What you will do:
Give back the whole listing word for word and skip each picture.

■ ■ ■

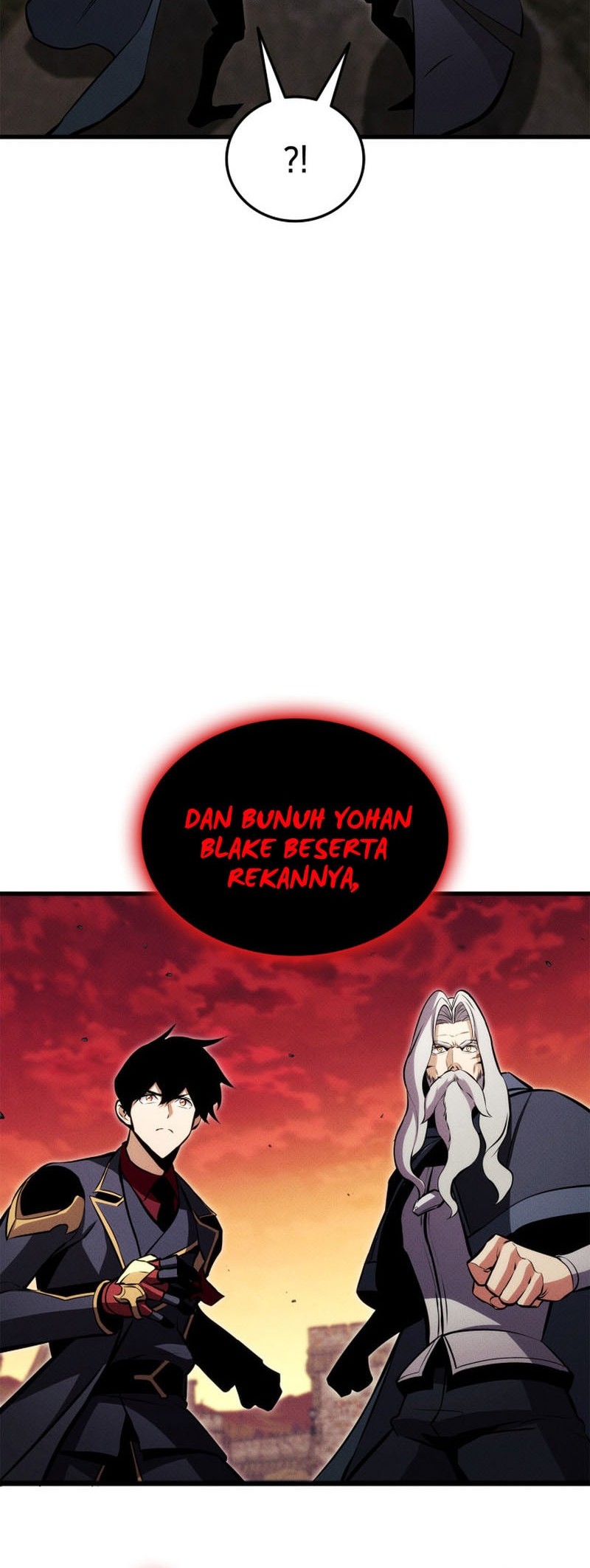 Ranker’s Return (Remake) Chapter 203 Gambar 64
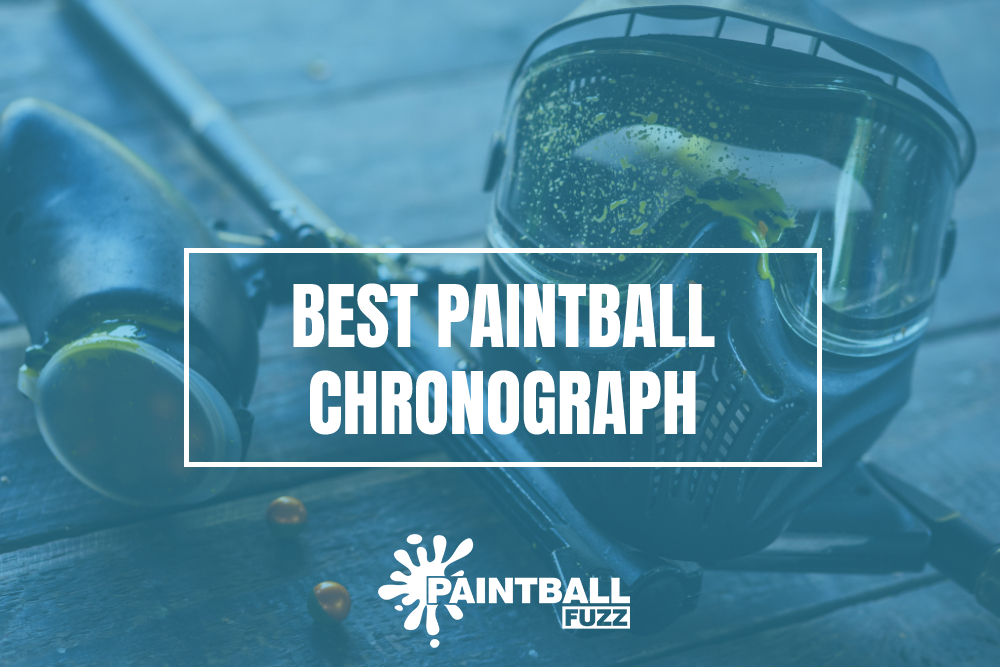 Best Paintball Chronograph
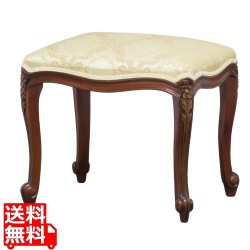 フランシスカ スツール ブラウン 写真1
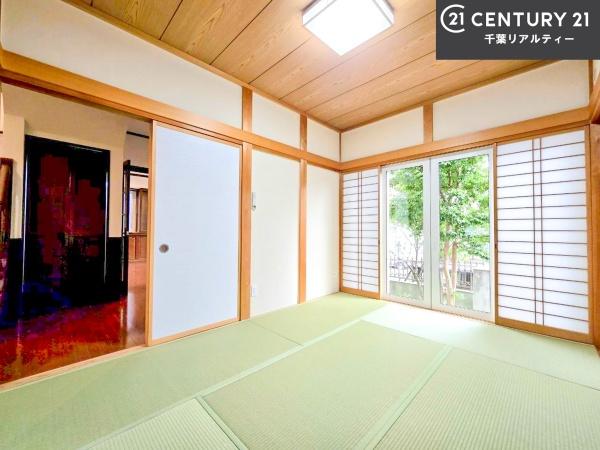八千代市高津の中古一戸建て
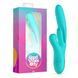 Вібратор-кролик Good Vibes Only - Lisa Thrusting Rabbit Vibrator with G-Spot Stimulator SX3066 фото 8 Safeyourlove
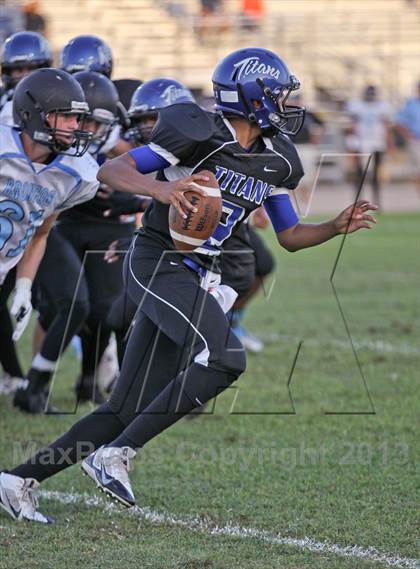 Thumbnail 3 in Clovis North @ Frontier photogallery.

■ ■ ■

Output below:
 Ranker’s Return (Remake) Chapter 203 Gambar 64
 Best Paintball Chronograph
 フランシスカ スツール ブラウン 写真1
八千代市高津の中古一戸建て
 Вібратор-кролик Good Vibes Only - Lisa Thrusting Rabbit Vibrator with G-Spot Stimulator SX3066 фото 8 Safeyourlove
 Thumbnail 3 in Clovis North @ Frontier photogallery.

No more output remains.